Scraped caption text data:

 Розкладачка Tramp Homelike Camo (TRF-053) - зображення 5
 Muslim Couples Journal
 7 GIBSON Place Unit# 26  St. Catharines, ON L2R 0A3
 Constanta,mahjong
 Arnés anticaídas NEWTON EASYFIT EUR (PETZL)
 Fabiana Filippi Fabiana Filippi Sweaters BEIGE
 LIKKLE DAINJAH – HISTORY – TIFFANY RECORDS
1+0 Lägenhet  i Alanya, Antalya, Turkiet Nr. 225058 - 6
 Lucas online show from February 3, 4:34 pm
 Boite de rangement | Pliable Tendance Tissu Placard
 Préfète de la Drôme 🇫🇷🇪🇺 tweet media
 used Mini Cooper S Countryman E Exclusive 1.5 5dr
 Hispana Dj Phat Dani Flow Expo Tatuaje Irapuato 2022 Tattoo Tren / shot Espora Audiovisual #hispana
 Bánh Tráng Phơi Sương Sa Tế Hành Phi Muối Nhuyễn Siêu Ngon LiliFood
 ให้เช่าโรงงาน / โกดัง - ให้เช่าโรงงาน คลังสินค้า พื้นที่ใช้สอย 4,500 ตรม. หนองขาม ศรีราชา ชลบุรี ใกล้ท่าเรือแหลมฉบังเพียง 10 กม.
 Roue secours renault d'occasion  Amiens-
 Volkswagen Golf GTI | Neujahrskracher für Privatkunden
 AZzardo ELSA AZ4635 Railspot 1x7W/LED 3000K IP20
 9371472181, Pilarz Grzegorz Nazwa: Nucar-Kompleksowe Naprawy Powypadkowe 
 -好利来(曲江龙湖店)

WHAT IS BEING ASKED: Restate the records, all of them, precisely as written.

ANSWER TO THIS TASK:
 Розкладачка Tramp Homelike Camo (TRF-053) - зображення 5
 Muslim Couples Journal
 7 GIBSON Place Unit# 26  St. Catharines, ON L2R 0A3
 Constanta,mahjong
 Arnés anticaídas NEWTON EASYFIT EUR (PETZL)
 Fabiana Filippi Fabiana Filippi Sweaters BEIGE
 LIKKLE DAINJAH – HISTORY – TIFFANY RECORDS
1+0 Lägenhet  i Alanya, Antalya, Turkiet Nr. 225058 - 6
 Lucas online show from February 3, 4:34 pm
 Boite de rangement | Pliable Tendance Tissu Placard
 Préfète de la Drôme 🇫🇷🇪🇺 tweet media
 used Mini Cooper S Countryman E Exclusive 1.5 5dr
 Hispana Dj Phat Dani Flow Expo Tatuaje Irapuato 2022 Tattoo Tren / shot Espora Audiovisual #hispana
 Bánh Tráng Phơi Sương Sa Tế Hành Phi Muối Nhuyễn Siêu Ngon LiliFood
 ให้เช่าโรงงาน / โกดัง - ให้เช่าโรงงาน คลังสินค้า พื้นที่ใช้สอย 4,500 ตรม. หนองขาม ศรีราชา ชลบุรี ใกล้ท่าเรือแหลมฉบังเพียง 10 กม.
 Roue secours renault d'occasion  Amiens-
 Volkswagen Golf GTI | Neujahrskracher für Privatkunden
 AZzardo ELSA AZ4635 Railspot 1x7W/LED 3000K IP20
 9371472181, Pilarz Grzegorz Nazwa: Nucar-Kompleksowe Naprawy Powypadkowe 
 -好利来(曲江龙湖店)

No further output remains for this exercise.